Peraturan daerah tersebut merupakan
produk hukum ketatanegaraan yang ada di Indonesia yang berpayung hukum pada
Undang-Undang Dasar Negara Republik Indonesia tahun 1945. Dimaksudkan bahwa
Undang-Undang Dasar Negara Republik Indonesia tahun 1945 merupakan hukum dasar
tertulis yang tertinggi yang harus menjadi dasar dan sumber bagi pembentukan
peraturan-peraturan yang berada di bawahnya, dan peraturan yang berada dibawah
tidak boleh bertentangan pada peraturan yang berada diatasnya. Undang-Undang
Dasar Negara Republik Indonesia tahun 1945 tidaklah lepas dari nilai-nilai
Pancasila.
Pancasila sebagai dasar negara sesuai dengan
pembukaan Undang-Undang Dasar Republik Indonesia tahun 1945 yang pada
hakikatnya adalah sebagai sumber dari segala sumber hukum atau sumber tertib
hukum, dimana semua
peraturan berpedoman pada Pancasila. Pancasila merupakan tonggak berdirinya
Indonesia melalui nilai–nilai yang terkandung didalamnya. Pancasila diperoleh melalui
perjuangan rakyat Indonesia dalam meraih kemerdekan. Tokoh–tokoh perjuangan merumuskan
Pancasila dengan mempertimbangkan nilai keadilan kesejahteraan bagi masyarakat Indonesia
kala itu. Nilai–nilai luhur Pancasila dalam perjalanannya menjadi dasar dari
semua aktifitas masyarakat Indonesia.
Subak di Bali berpegang teguh pada nilai–nilai Pancasila dilihat
dari setiap pelaksanaannya terkandung nilai-nilai yang terdapat di dalam setiap
sila Pancasila. Sila Pertama yaitu Ketuhanan yang Maha Esa, dalam
implementasinya terdapat konsep Tri Hita Karana yaitu, tiga penyebab
kebahagiaan yang dapat dicapai dengan menjaga keharmonisan antar ketiga unsur.

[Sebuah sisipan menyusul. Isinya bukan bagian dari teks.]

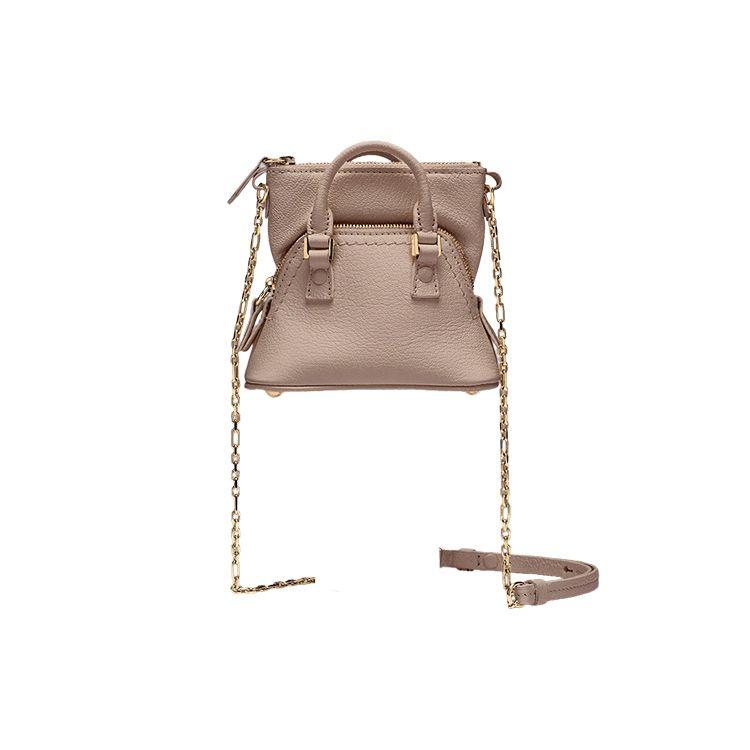 Maison Margiela 5AC Регулируемый Chain Strap Застежка-молния Кожа козы Сумка на плечо Женская сумка на плечо Розовый SB1WG0022P5348T4310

Ketiga unsur Tri Hita Karana yaitu Unsur Parhayangan (hubungan manusia dengan
Tuhan), Pawongan (hubungan Manusia dengan manusia), dan Palemahan (hubungan
manusia dengan Lingkungan). Hubungan manusia dengan Tuhan berkaitan dengan sila
pertama pada Pancasila dimana kegiatan yang langsung dilakukan oleh petani atau
anggota subak memohon kesuburan dan
kelancaran kepada Tuhan melalui upacara
keagamaan yang dilakukan oleh subak, contohnya upacara Ngendagin, Ngulapin, Ngeroras, Nendak toya,
dan Magpag toya.
Sila yang kedua yaitu, Kemanusian yang Adil dan Berada. Pawongan dalam
konsep Tri Hita Karana berkaitan dengan
sila Kedua Pancasila. Unsur Pawongan, ditujukan dengan adanya organisasi petani
(subak) yang disesuaikan dengan
kebutuhan setempat. Organisasi subak selalu memberikan keadilan
dimana setiap petani mendapat air dan pekerjaan yang sama dalam mengolah sawah
dan hasil panen pertanian tersebut dapat mensejahterakan petani.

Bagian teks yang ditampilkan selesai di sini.